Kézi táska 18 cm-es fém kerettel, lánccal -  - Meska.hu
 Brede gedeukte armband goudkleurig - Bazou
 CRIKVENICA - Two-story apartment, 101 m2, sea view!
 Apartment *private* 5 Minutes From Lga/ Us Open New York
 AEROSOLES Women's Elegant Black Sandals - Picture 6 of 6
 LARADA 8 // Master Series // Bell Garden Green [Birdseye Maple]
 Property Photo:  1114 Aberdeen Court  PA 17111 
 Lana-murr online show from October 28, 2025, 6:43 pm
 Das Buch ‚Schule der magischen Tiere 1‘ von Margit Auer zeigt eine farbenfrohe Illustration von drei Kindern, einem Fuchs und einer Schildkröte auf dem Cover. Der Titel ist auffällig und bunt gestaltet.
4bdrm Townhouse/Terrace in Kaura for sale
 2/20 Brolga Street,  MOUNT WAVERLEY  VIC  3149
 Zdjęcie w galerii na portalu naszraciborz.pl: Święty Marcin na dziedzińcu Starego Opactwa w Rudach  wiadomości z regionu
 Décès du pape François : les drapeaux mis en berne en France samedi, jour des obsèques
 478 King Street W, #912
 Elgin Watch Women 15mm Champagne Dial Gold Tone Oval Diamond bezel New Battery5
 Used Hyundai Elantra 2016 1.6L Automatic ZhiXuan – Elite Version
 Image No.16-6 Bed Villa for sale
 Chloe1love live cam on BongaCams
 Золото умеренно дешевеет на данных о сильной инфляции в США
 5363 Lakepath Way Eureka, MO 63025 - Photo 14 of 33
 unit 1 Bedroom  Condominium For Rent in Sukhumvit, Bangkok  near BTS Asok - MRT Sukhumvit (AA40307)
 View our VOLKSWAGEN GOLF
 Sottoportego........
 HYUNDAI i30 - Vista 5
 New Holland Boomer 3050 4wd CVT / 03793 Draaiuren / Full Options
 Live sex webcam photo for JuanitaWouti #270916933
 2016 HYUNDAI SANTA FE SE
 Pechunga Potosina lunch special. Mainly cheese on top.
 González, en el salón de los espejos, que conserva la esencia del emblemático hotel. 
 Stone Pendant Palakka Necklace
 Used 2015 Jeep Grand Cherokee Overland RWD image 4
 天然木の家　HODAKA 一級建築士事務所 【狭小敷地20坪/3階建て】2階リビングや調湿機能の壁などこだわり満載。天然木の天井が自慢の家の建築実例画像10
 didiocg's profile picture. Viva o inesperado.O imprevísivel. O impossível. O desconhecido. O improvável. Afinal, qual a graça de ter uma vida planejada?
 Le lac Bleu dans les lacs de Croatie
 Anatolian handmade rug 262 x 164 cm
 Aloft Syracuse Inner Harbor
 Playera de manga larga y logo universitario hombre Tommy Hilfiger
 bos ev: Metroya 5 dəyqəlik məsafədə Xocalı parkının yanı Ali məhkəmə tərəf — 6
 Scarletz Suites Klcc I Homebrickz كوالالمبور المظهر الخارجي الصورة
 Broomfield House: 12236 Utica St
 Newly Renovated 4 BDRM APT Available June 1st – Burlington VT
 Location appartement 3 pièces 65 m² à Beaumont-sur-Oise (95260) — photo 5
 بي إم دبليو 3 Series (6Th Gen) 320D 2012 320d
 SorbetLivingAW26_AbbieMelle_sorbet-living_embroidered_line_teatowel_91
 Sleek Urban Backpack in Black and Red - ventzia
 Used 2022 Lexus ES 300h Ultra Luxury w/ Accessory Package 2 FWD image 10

-------------------------

#### DESCRIPTION OF THE TASK
From the line containing "Broomfield House: 12236 Utica St" through the end of the material, print each line exactly as it appears.

#### SOLUTION TO THIS TASK
 Broomfield House: 12236 Utica St
 Newly Renovated 4 BDRM APT Available June 1st – Burlington VT
 Location appartement 3 pièces 65 m² à Beaumont-sur-Oise (95260) — photo 5
 بي إم دبليو 3 Series (6Th Gen) 320D 2012 320d
 SorbetLivingAW26_AbbieMelle_sorbet-living_embroidered_line_teatowel_91
 Sleek Urban Backpack in Black and Red - ventzia
 Used 2022 Lexus ES 300h Ultra Luxury w/ Accessory Package 2 FWD image 10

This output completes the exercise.